The answer must consist solely of the lines from the one with "164 Hazelnut Drive" through the last line of the data, copied exactly, with no pictures.

[Data items]
===
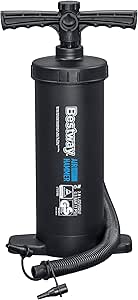 Bestway Air Hammer 2800 manuel hava pompası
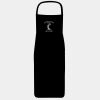 Bib Apron Without Pocket Thumbnail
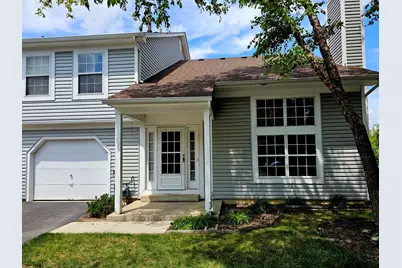 164 Hazelnut Drive #164, Streamwood, IL 60107 - Photo 1
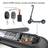 Zeblaze Electric Scooter Anti Theft Security Alarm 115dB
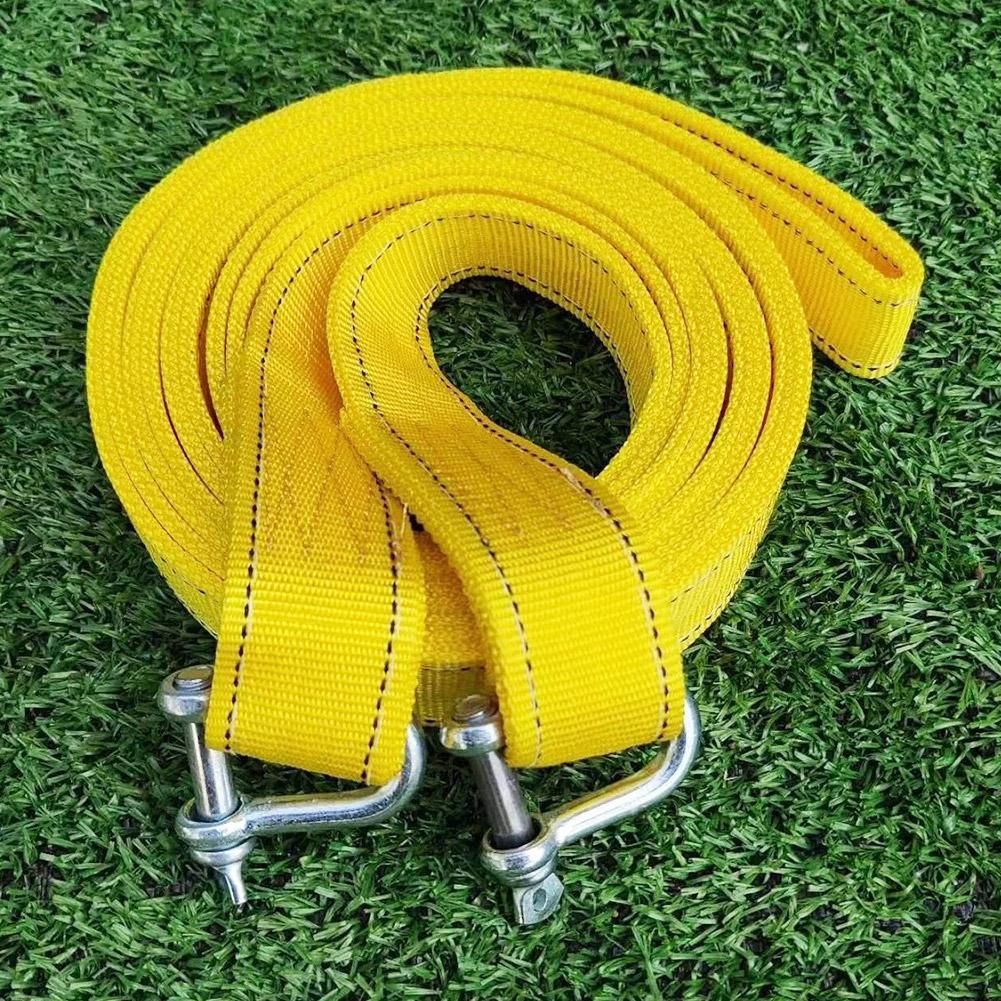 3M Heavy Duty Car Tow Strap Wi - đánh giá và giá Rescue Rope Throw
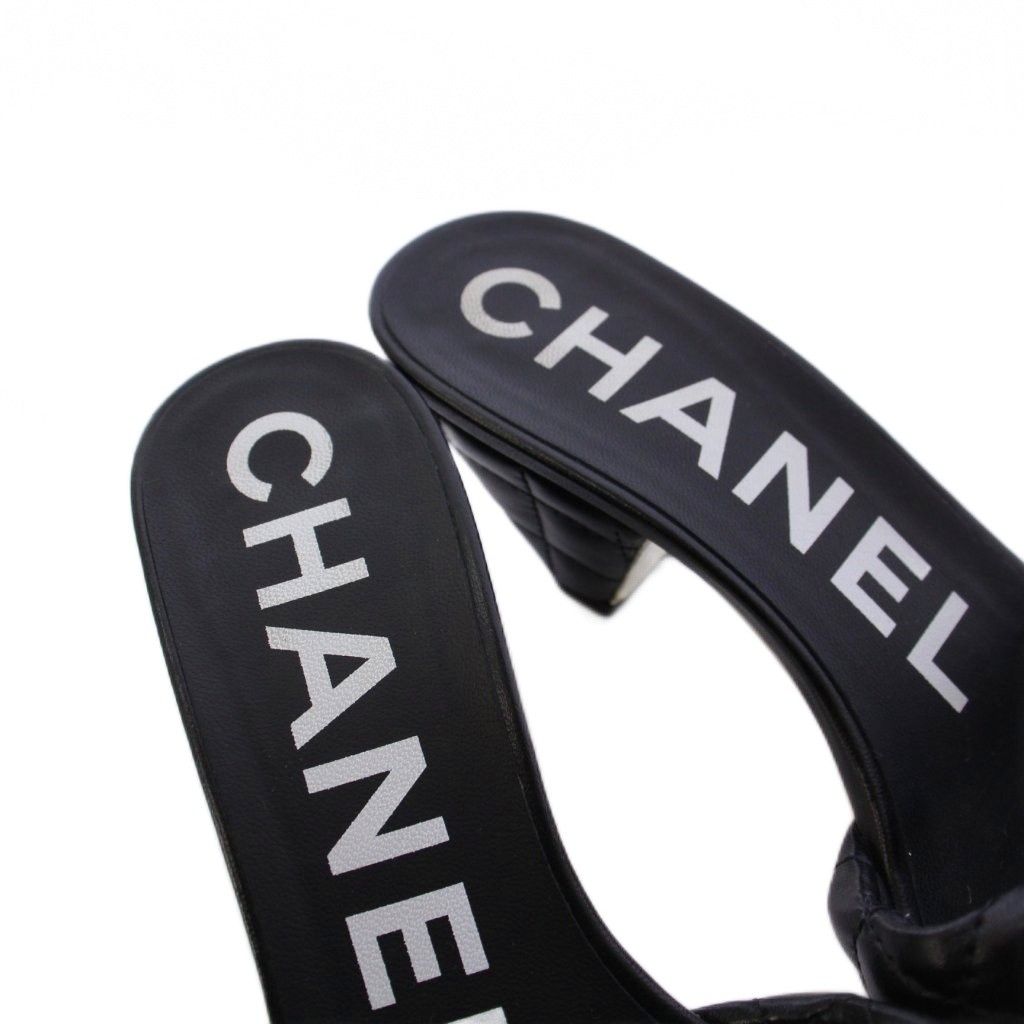 CHANEL ココマーク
===
## Exercise answer
 164 Hazelnut Drive #164, Streamwood, IL 60107 - Photo 1
 Zeblaze Electric Scooter Anti Theft Security Alarm 115dB
 3M Heavy Duty Car Tow Strap Wi - đánh giá và giá Rescue Rope Throw
 CHANEL ココマーク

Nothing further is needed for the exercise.